Battle looms over future of Lafayette crosses as property owner poised to sell

LAFAYETTE, Calif. (KGO) -- There's a battle looming over the future of a prominent anti-war memorial in the East Bay.

It's a display of 4,000 crosses just across from the BART station in Lafayette. Once considered highly controversial, the memorial has become part of the landscape -- but now its future is uncertain.

"My marching orders are to liquidate," says Charles Clark as a he stands at the foot of a hillside in Lafayette, a property he owns and one that's hosted the Lafayette Crosses memorial for more than a decade.

It's been more than six years since Clark's mother Louise died, leaving her 5 acres of land to her six children.

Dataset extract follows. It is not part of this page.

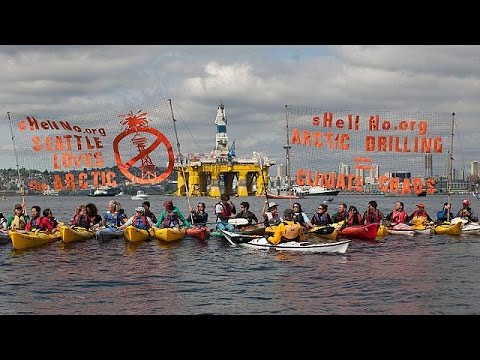 controversial drilling rig arrives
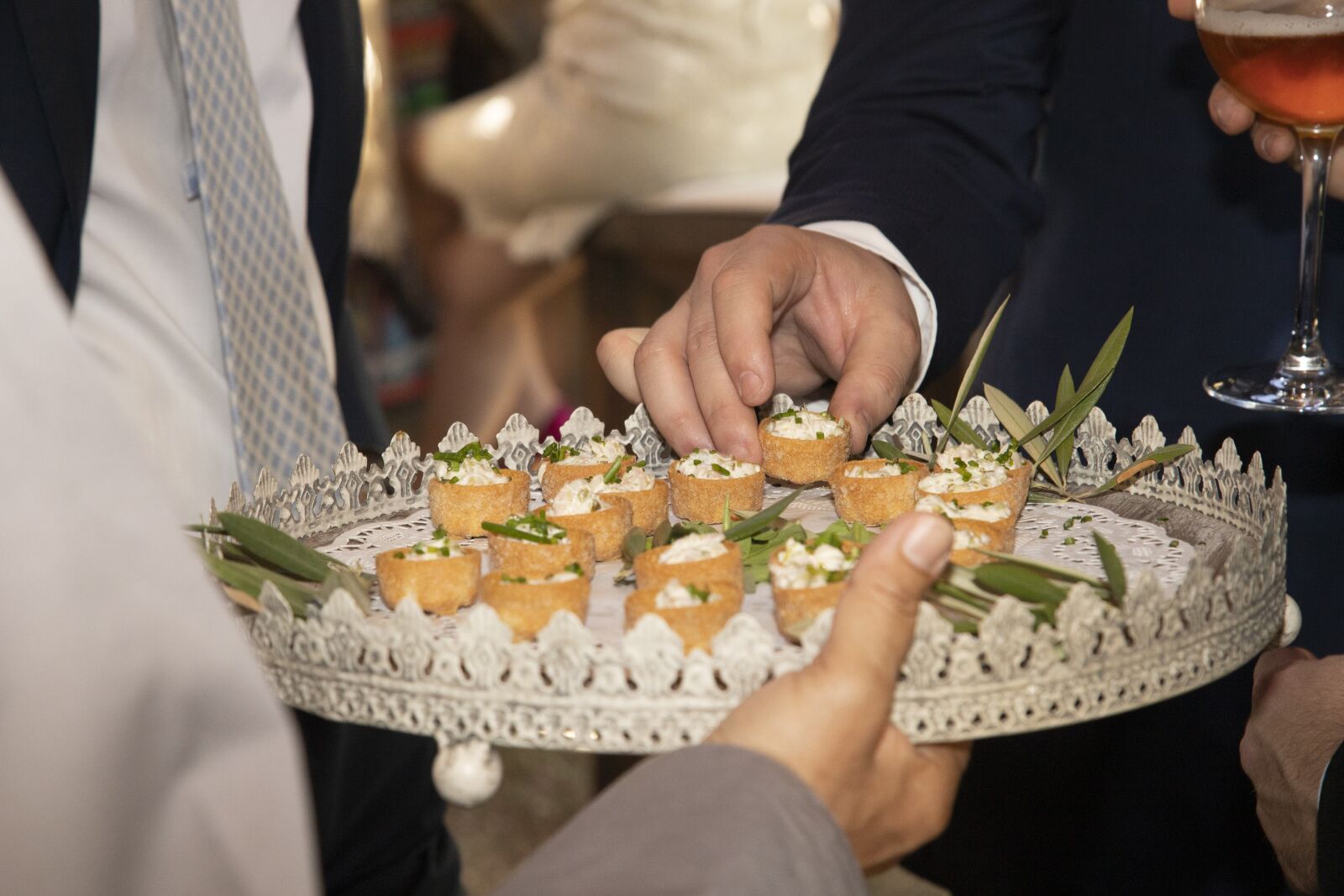 Canon EOS 6D Mark II sample photo. Food snack, tray, food photography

Louise Clark was a founder and supporter of the crosses memorial, put up in 2006 as an anti-war statement. But now, as co-trustee, Charles Clark says it's time to sell, putting the future of the crosses in limbo.

"Once I sell it, it's not going to be up to me," explained Clark. "If that's the end result, that's the end result, but it's my goal to keep a memorial of some sort going here, if we can."

Clark has offered to donate the southern slope, where the crosses sit, to the city.

"In every situation, they've declined my offer. They don't want it," said Clark.

In the meantime, the Lafayette Planning Commission has approved Clark's application to redraw the property lines to make it more attractive to potential buyers.

"Mr Clark wanted to move the lot line between his two parcels, so that the two homes that exist on one parcel could now have their own lot," explained Niroop Srivatsa, the Director of the Lafayette Building and Planning Department.

It's a decision that's now been appealed to the full city Council.

"The public has somewhat adopted, is involved in this now," said Mike Munnelly, a neighbor and longtime supporter of the memorial. "And I don't think he has a right to just take it away."

But not everyone in Lafayette is a fan of the memorial, including some families who've lost loved ones in the wars.

"There's a wide range of views," said Peter Clark, president of the Happy Valley Improvement Association. "Some will come up to me and say you've got to get rid of those crosses. They're a terrible, terrible insult to my family."

The city council will consider the next step for the property on February 12.